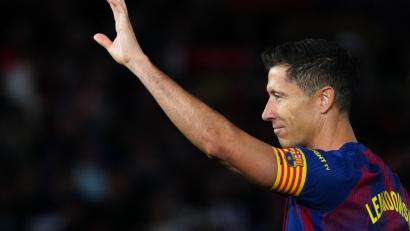 Bild: Joan Mateu Parra/AP/dpa
Verabschiedet sich vom FC Barcelona: Robert Lewandowski.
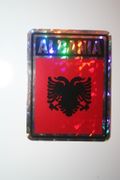 ALBANIA COUNTRY FLAG SMALL METALIC CAR AUTOMOBILE BUMPER STICKER DECAL EMBLEM . NEW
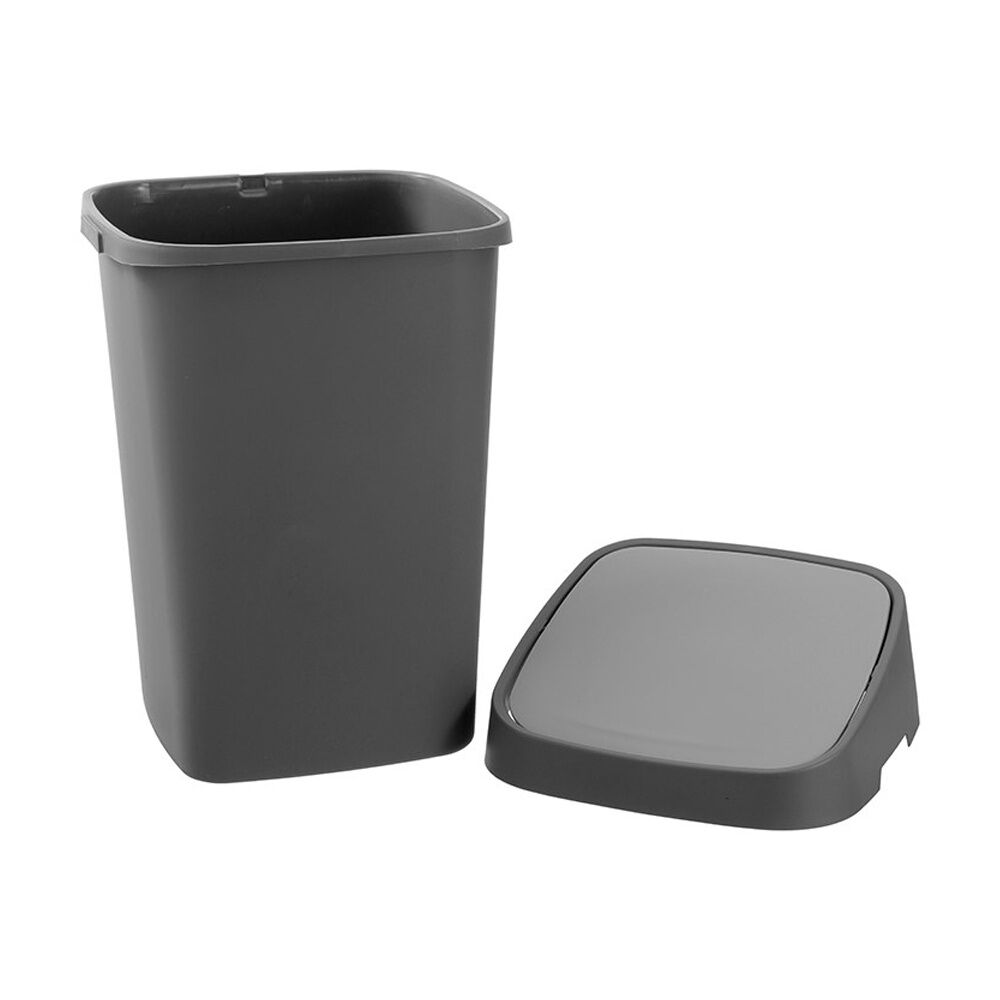 Boxsweden Edge Swing Easy Clean Rubbish Bin w/ No Drip Rim Char Square 40L (4 Pack) — image 6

———

### REQUIRED ACTION
Repeat the data in full and exactly. Omit pictures.

### RESPONSE TO THE EXERCISE
 Bild: Joan Mateu Parra/AP/dpa
Verabschiedet sich vom FC Barcelona: Robert Lewandowski.
 ALBANIA COUNTRY FLAG SMALL METALIC CAR AUTOMOBILE BUMPER STICKER DECAL EMBLEM . NEW
 Boxsweden Edge Swing Easy Clean Rubbish Bin w/ No Drip Rim Char Square 40L (4 Pack) — image 6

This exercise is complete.